When it comes to strength, you can’t beat iron and steel. Depending on your application: cookware, construction, or creative metal works, you could have a difficult choice on your hands. Cast iron and cast steel are both poured, in their molten state, into some type of mold to yield certain shapes and sizes. They are both ferrous metals, made mainly of iron atoms, but that’s about where the similarities end. Let’s look at some of the differences.
1. Iron Needs Carbon
In order to be very useful to us, iron must have carbon added to make an alloy. The addition of the carbon (usually above 2%) is what makes cast iron different from steel. Cast iron contains only .12 to 2% carbon.
2. Steel Shrinks More
Both metals melt at temperatures above 2,000 degrees F. In their liquid form, they have different levels of pourability and shrinkage. Cast iron pours easily and won’t shrink as much as steel, meaning it requires less molten material to fill intricate voids in any mold. Molten steel is a bit less fluid than iron, and tends to shrink as it cools.

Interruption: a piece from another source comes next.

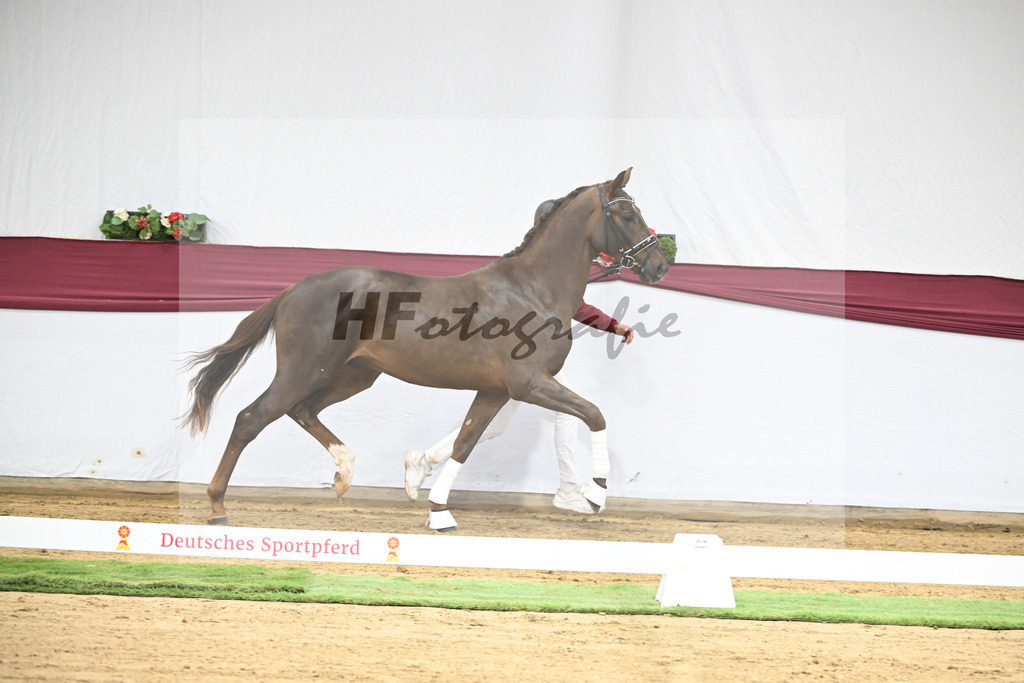 Kat-Nr. 32 Va Bene x Delatio_Simonne Spaeth_47251071 | hf-fotografie - Realisiert mit Pictrs.com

Both cast iron and cast steel are very strong. However, they have different abilities to withstand impact. This is where steel has an advantage. When it comes to sudden impact and high stress, steel is extremely tough. Iron, on the other hand, is more brittle and susceptible to cracking.
Left unprotected, both cast iron and cast steel will oxidize if left exposed to moisture. If this is an important factor for you, alloy steel, such as stainless steel, might be a better choice.
All other factors being relatively equal, if you’re concerned about cost, you’ll probably appreciate the lower price on cast iron. Material, labor, and energy costs for production are usually cheaper. Just be sure you consider the longevity of the metal in your particular application, and the likely cost of replacing those metal parts over time.